Sur les 50 dernières années, l’outil agroalimentaire africain (infrastructure, formation, mécanisation, crédit, intrants…) n’a pas donné les résultats escomptés alors que les sols ont été dégradés.

Une nouvelle révolution agricole est à mener mais elle requiert des moyens et une profonde restructuration :

  • Couverture sans labour ;
  • Cultures mélangées ;
  • Rotations espacées ;
  • Agroforesterie ;
  • Usage des plantes de service ou d’animaux auxiliaires de culture…

Un plan ambitieux soumis à un changement climatique plus rude en Afrique où même ceux qui accèdent à la nourriture, ont une alimentation déséquilibrée sous forme de mono régime (riz, maïs, manioc) ou trop riche (graisses, sucre). Dans les deux cas, le risque morbide existe, comme l’a démontré le Covid.

La menace des 3C : conflit, climat, Covid.

Les 850 millions de dénutris doivent aussi faire face à d’autres menaces : les conflits, le climat défavorable et la fragilité sanitaire face à la circulation du Covid. C’est sous cet angle que la situation a le plus dégénéré.

Les conflits déplacent des populations qui abandonnent leurs outils de production alimentaires, comme en Afghanistan, RDC, Syrie, Sud Soudan, Sahel…

Le réchauffement climatique provoque des épisodes exceptionnels sous les tropiques où l’agriculture est déjà fragile (sécheresses, cyclones, inondations, incendies…). La préoccupation exprimée par les États lors des grandes rencontres ne connaît pas de traduction concrète et la question de la pandémie a pris le leadership.

Cette pandémie, traitée par de la dette socio-économique dans nos pays industrialisés, frappe pleinement les pays pauvres dont les populations subissent la chute des revenus tirés de l’informel combinée à une hausse du prix des denrées. Ces inégalités sociales, exacerbées par des systèmes économiques sans amortisseur ou ascenseur social, risquent de se pérenniser.

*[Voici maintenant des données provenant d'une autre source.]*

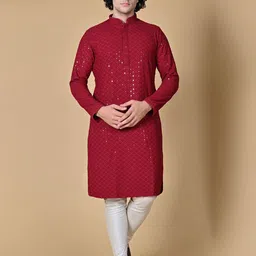 MAAHI FABS Floral Embroidered Sequinned Straight Kurta With Churidar-image-33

Résoudre la famine n’est pas qu’une question de production alimentaire, elle frappe des pays producteurs exportateurs, c’est aussi une question politique, celle de la gestion des ressources et des infrastructures pour que la nourriture arrive jusqu’au village le plus isolé, un challenge pour de nombreux pays africains confrontés à l’absence de voies praticables ou sécurisées et gangrenés par la corruption.

Les organisations caritatives rappellent que lorsqu’il n’y a pas d’État, la population est plus fréquemment en situation de famine. La situation actuelle tend à rendre moins généreux les États tradionnellement contributeurs.